* Assignment
When you repeat the entries below, please keep them exact and leave out the pictures.

* Information given
- Opening Delimiter -
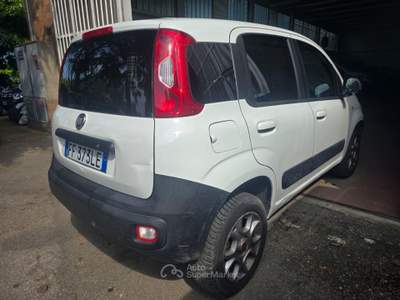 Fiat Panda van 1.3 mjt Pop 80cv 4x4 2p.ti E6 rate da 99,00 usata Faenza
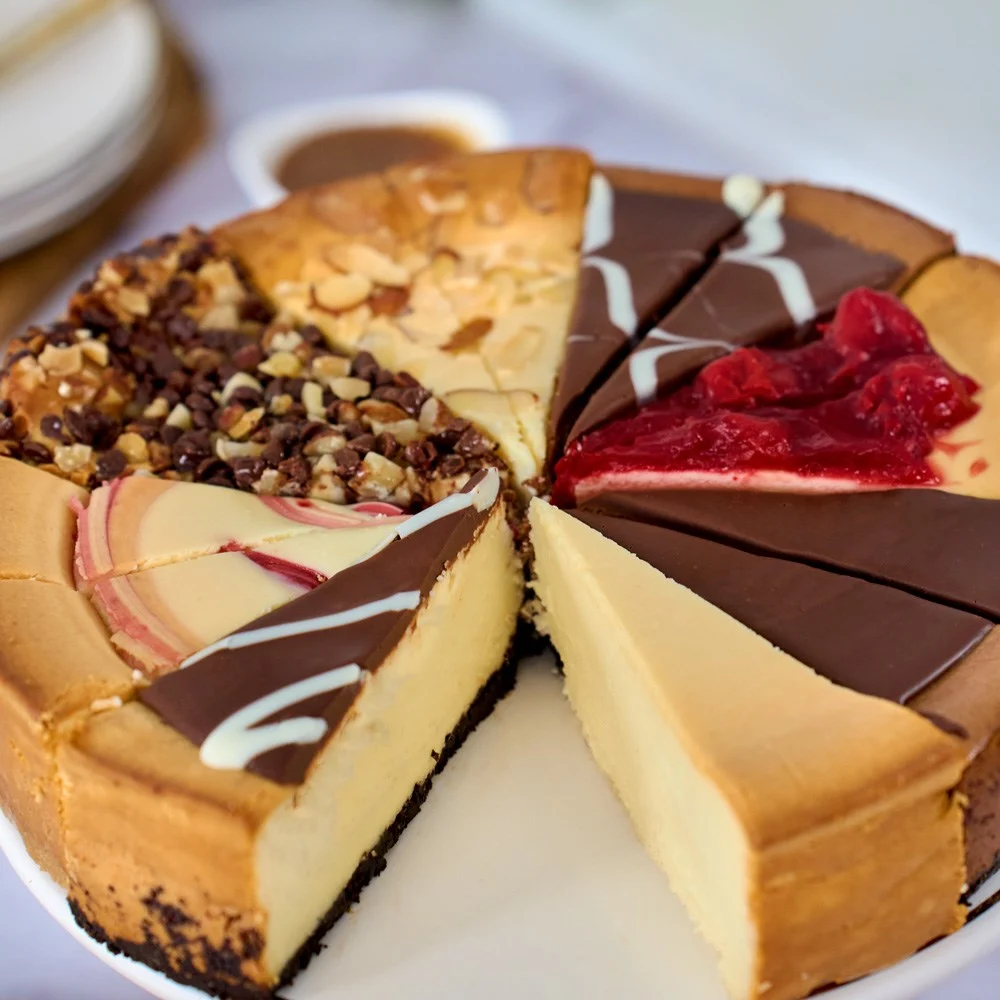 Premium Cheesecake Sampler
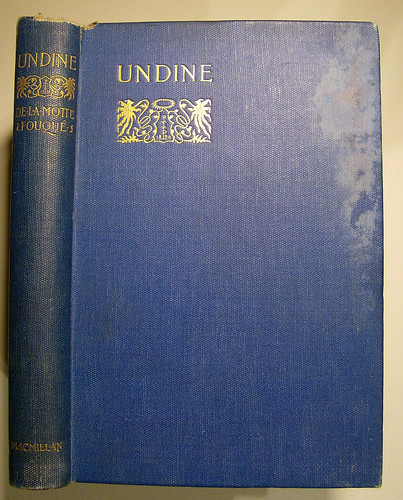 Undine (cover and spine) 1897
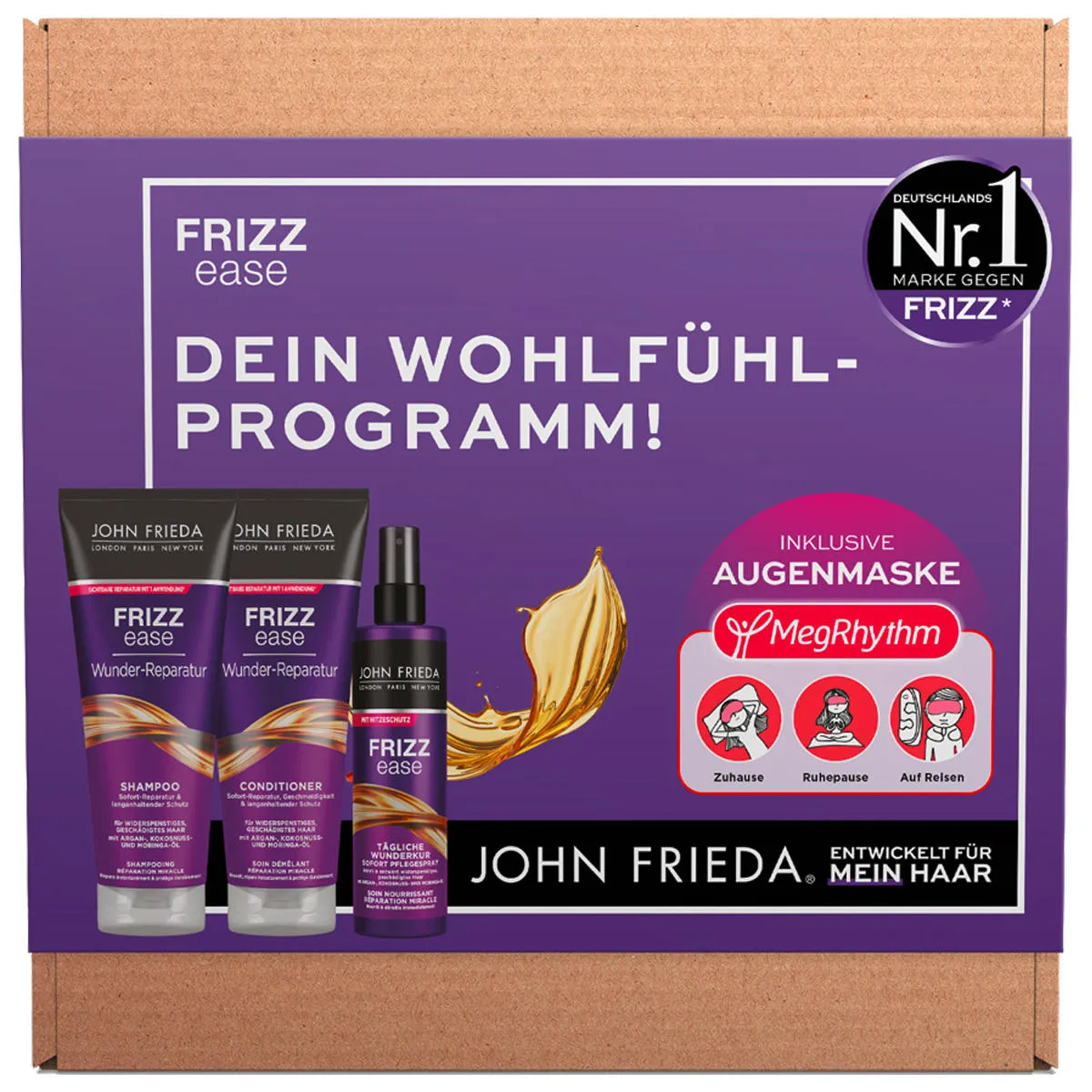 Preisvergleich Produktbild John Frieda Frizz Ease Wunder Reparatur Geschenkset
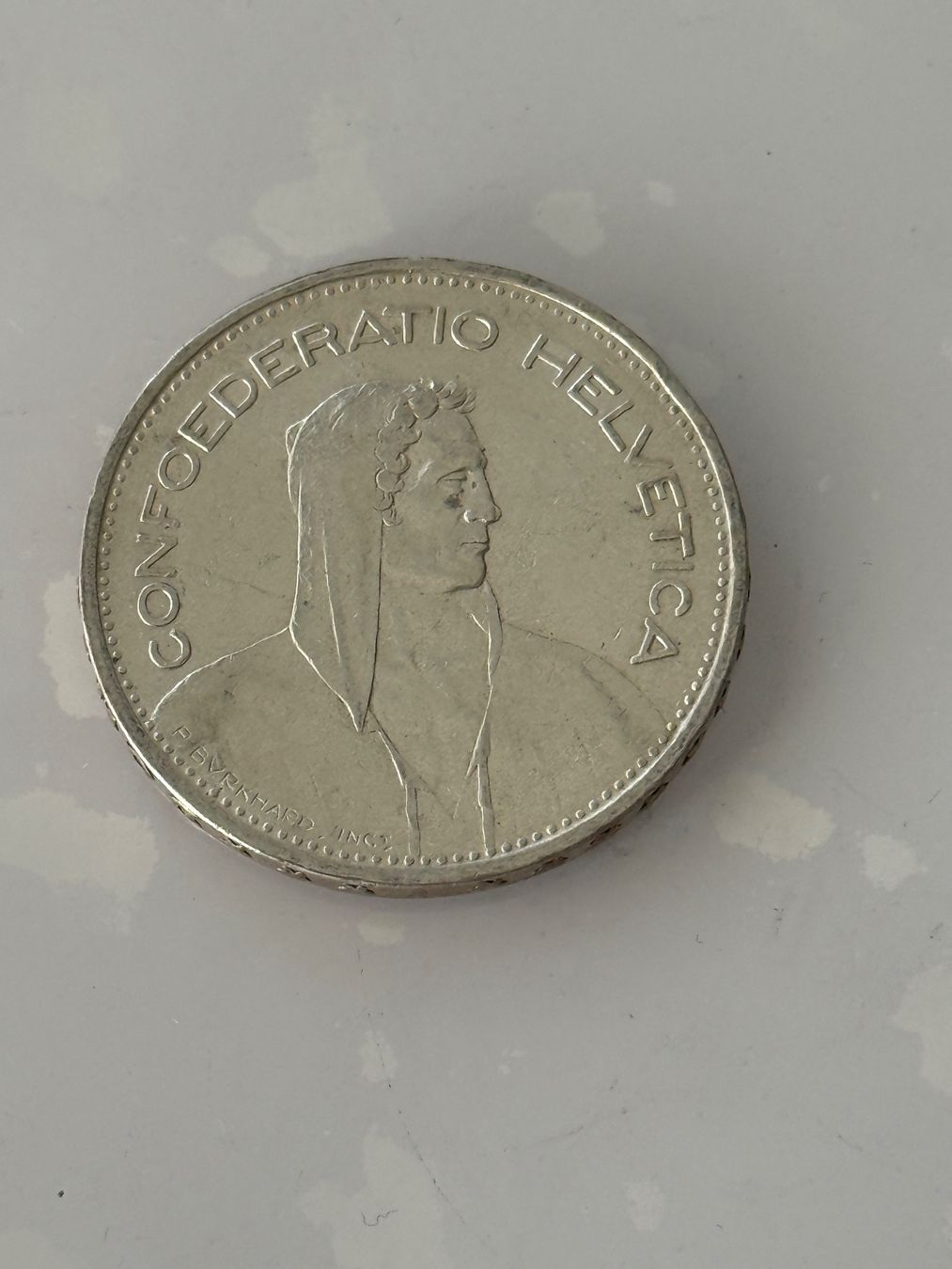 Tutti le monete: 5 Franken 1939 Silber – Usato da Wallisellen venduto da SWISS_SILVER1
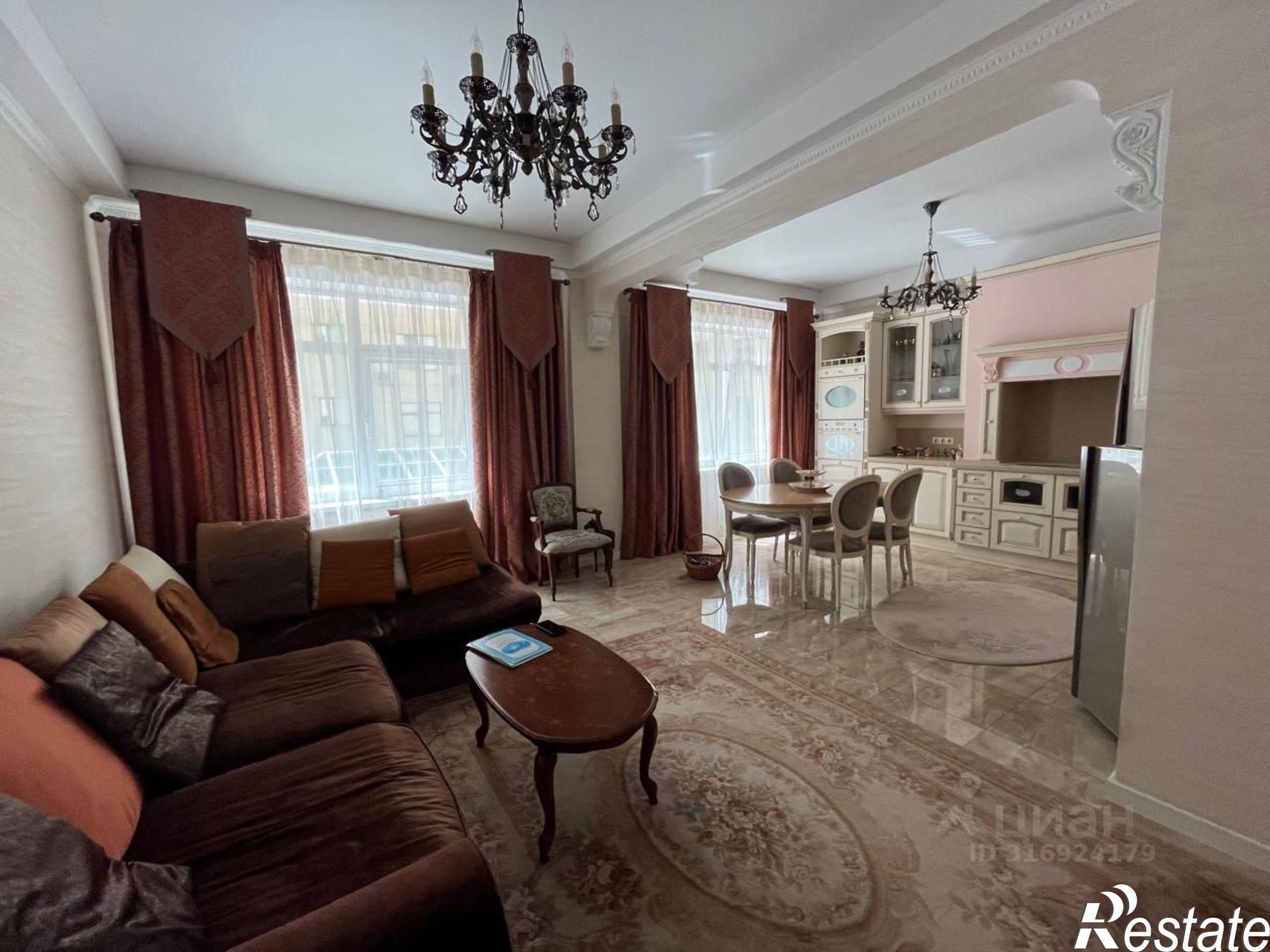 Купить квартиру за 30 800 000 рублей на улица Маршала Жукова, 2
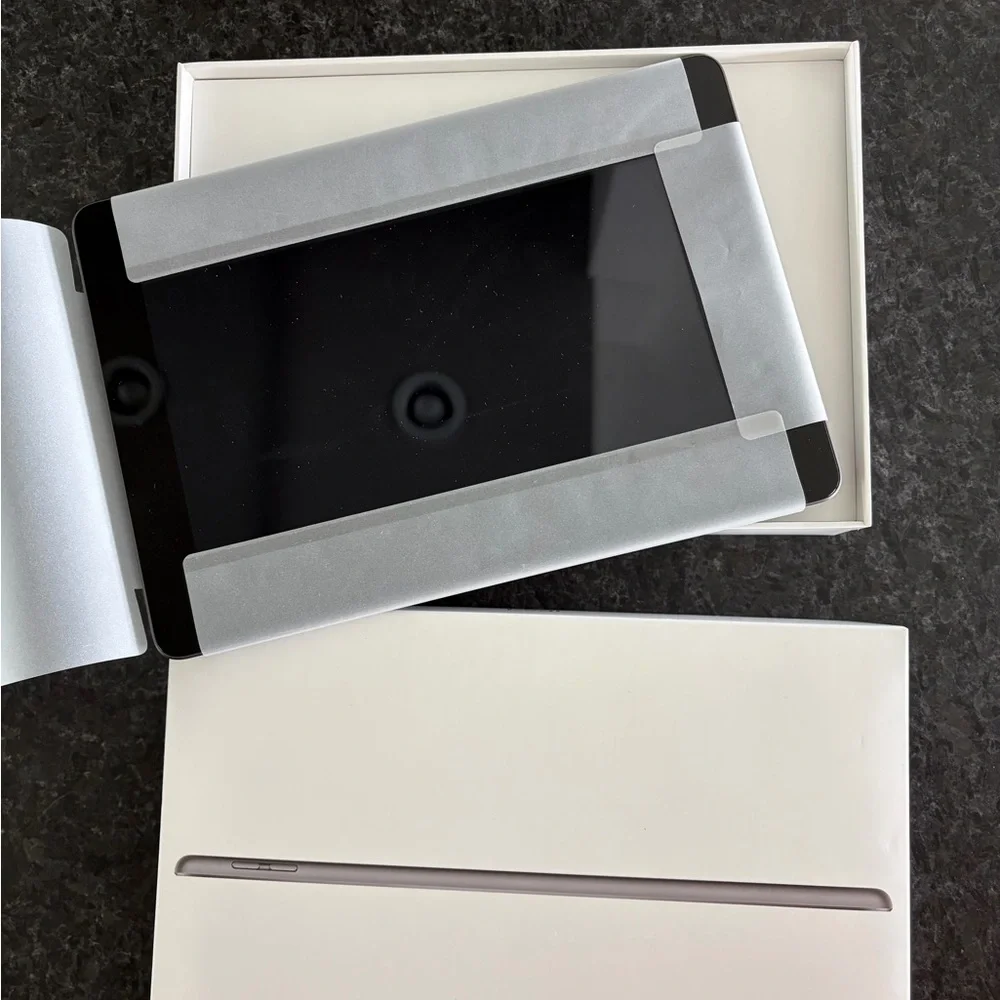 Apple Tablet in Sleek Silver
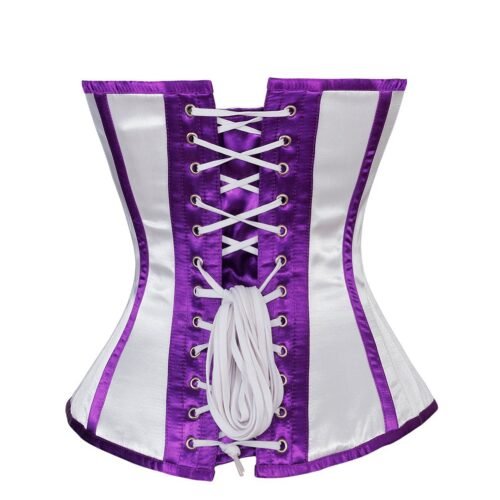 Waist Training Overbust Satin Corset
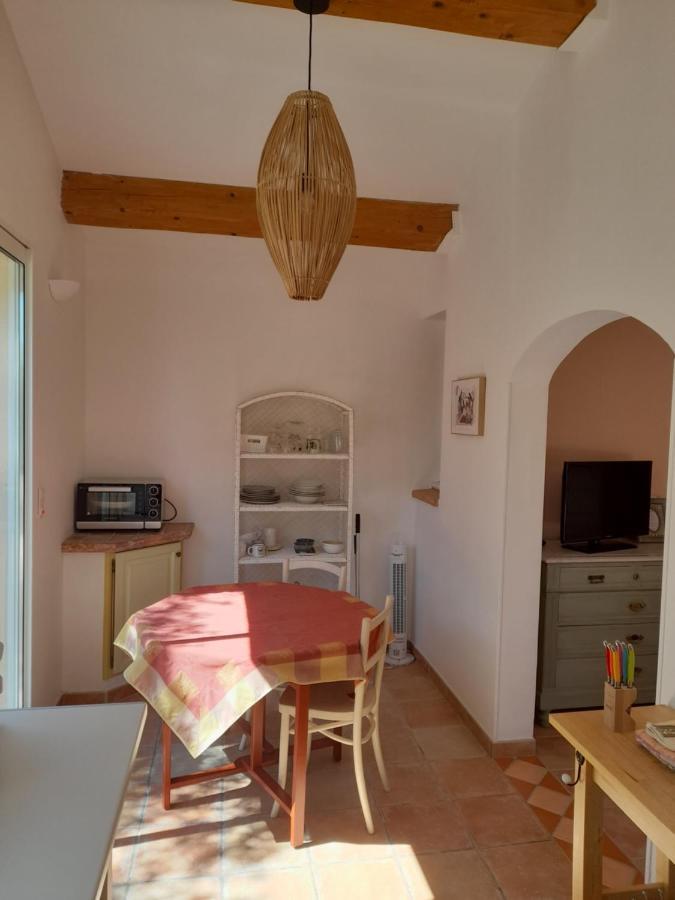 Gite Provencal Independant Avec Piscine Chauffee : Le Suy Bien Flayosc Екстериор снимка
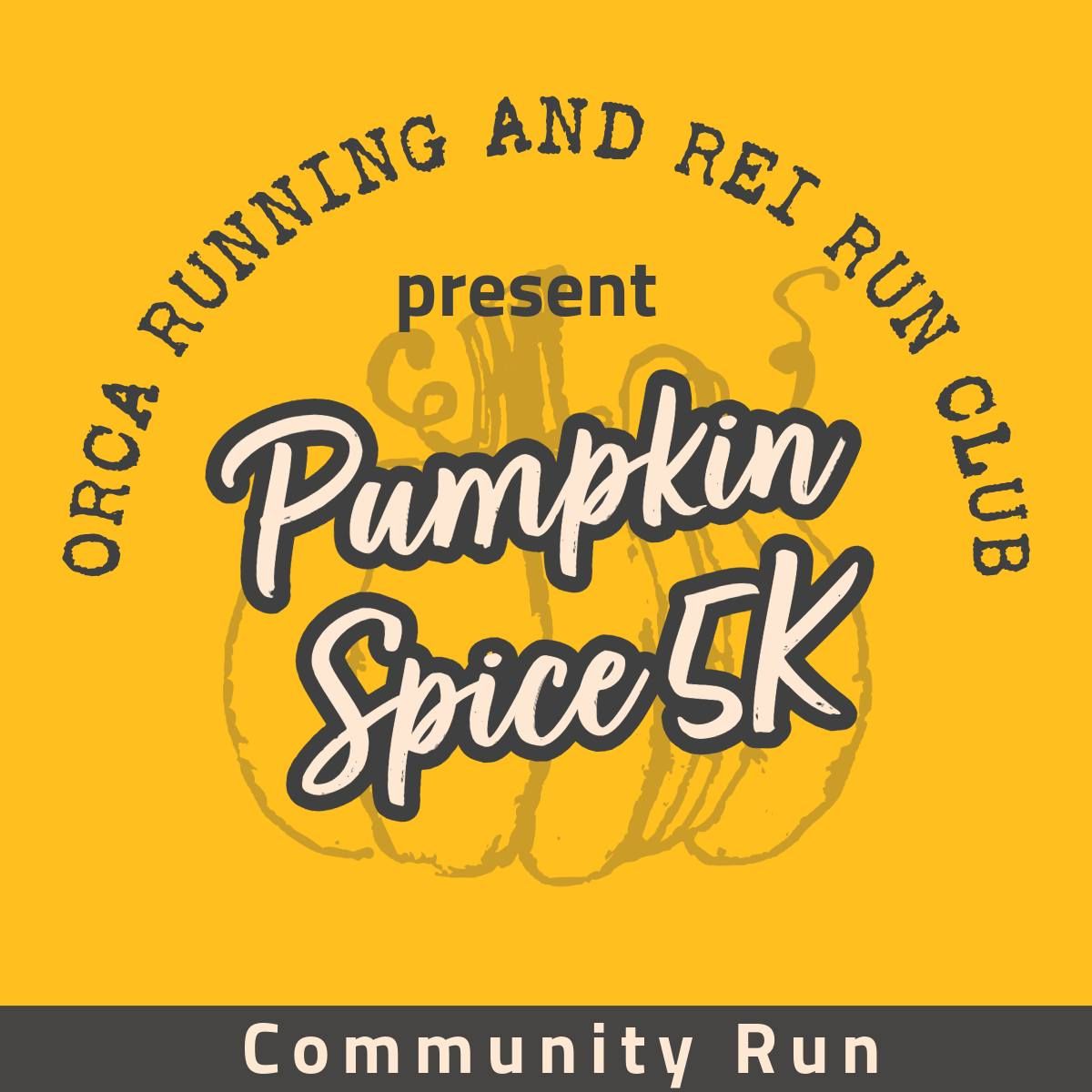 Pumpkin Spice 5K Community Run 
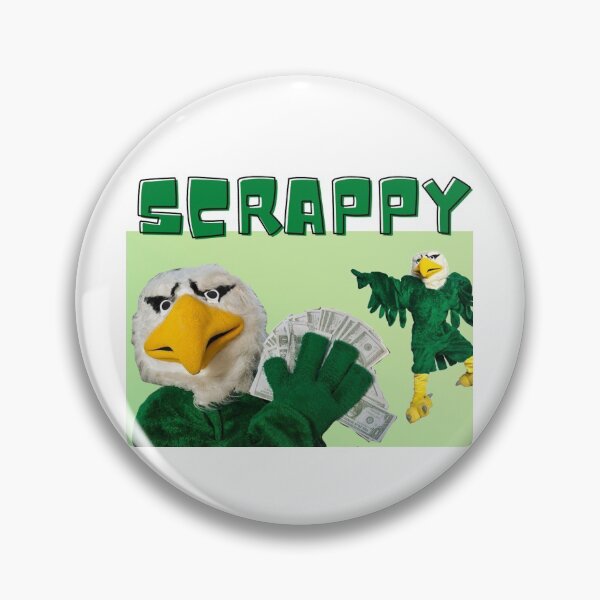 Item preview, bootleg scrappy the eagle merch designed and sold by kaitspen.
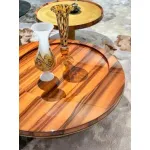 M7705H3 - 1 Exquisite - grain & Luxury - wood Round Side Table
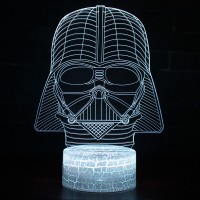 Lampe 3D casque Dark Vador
- Closing Delimiter -
* Answer area
 Fiat Panda van 1.3 mjt Pop 80cv 4x4 2p.ti E6 rate da 99,00 usata Faenza
 Premium Cheesecake Sampler
 Undine (cover and spine) 1897
 Preisvergleich Produktbild John Frieda Frizz Ease Wunder Reparatur Geschenkset
 Tutti le monete: 5 Franken 1939 Silber – Usato da Wallisellen venduto da SWISS_SILVER1
 Купить квартиру за 30 800 000 рублей на улица Маршала Жукова, 2
 Apple Tablet in Sleek Silver
 Waist Training Overbust Satin Corset
 Gite Provencal Independant Avec Piscine Chauffee : Le Suy Bien Flayosc Екстериор снимка
 Pumpkin Spice 5K Community Run 
 Item preview, bootleg scrappy the eagle merch designed and sold by kaitspen.
 M7705H3 - 1 Exquisite - grain & Luxury - wood Round Side Table
 Lampe 3D casque Dark Vador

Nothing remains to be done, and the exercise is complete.